● Input
_ _ _ _ _ _ _
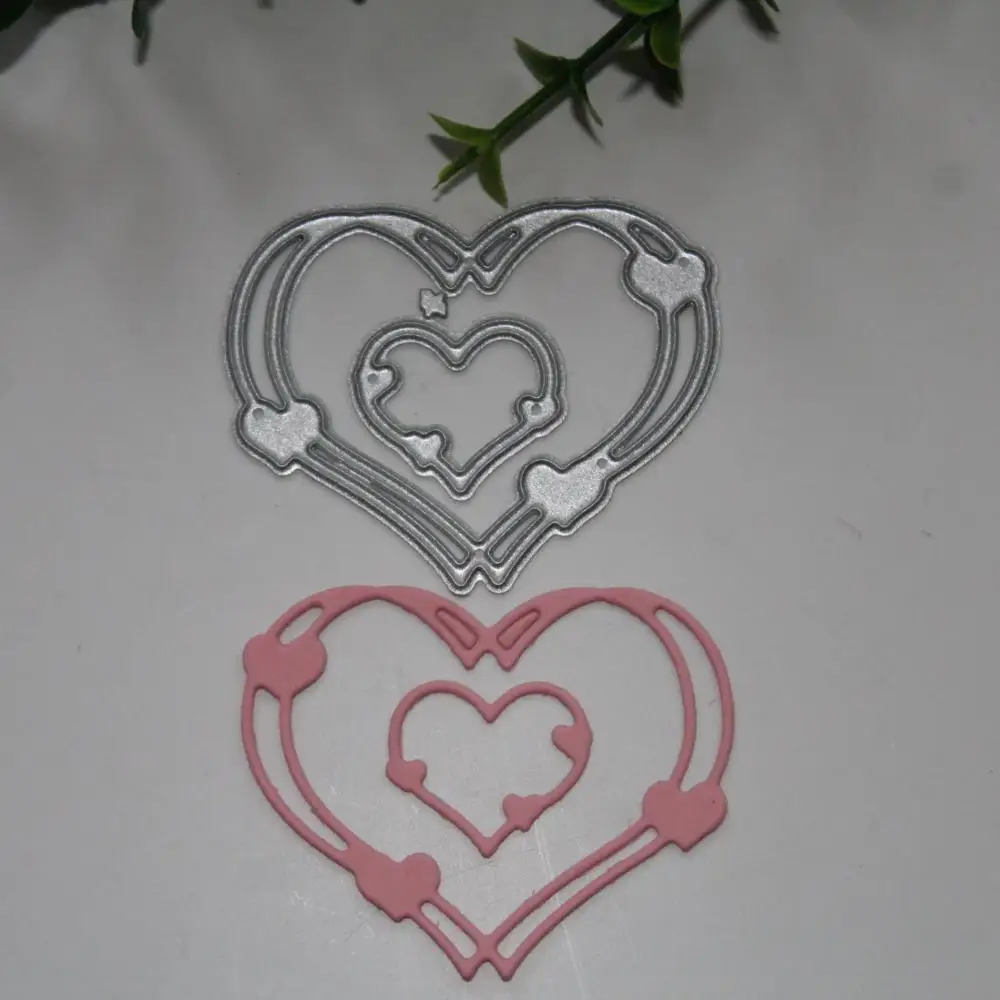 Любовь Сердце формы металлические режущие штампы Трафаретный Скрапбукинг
_ _ _ _ _ _ _
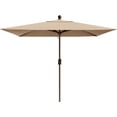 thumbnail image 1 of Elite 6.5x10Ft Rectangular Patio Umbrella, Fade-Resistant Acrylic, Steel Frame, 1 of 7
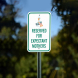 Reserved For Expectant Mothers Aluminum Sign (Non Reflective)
_ _ _ _ _ _ _
● Assigned task
Look above for the line with "thumbnail image 1"; quote it and every line after it, stopping after the line with "Reserved For Expectant", exactly, with nothing added and without pictures.

● Answer to this exercise
 thumbnail image 1 of Elite 6.5x10Ft Rectangular Patio Umbrella, Fade-Resistant Acrylic, Steel Frame, 1 of 7
 Reserved For Expectant Mothers Aluminum Sign (Non Reflective)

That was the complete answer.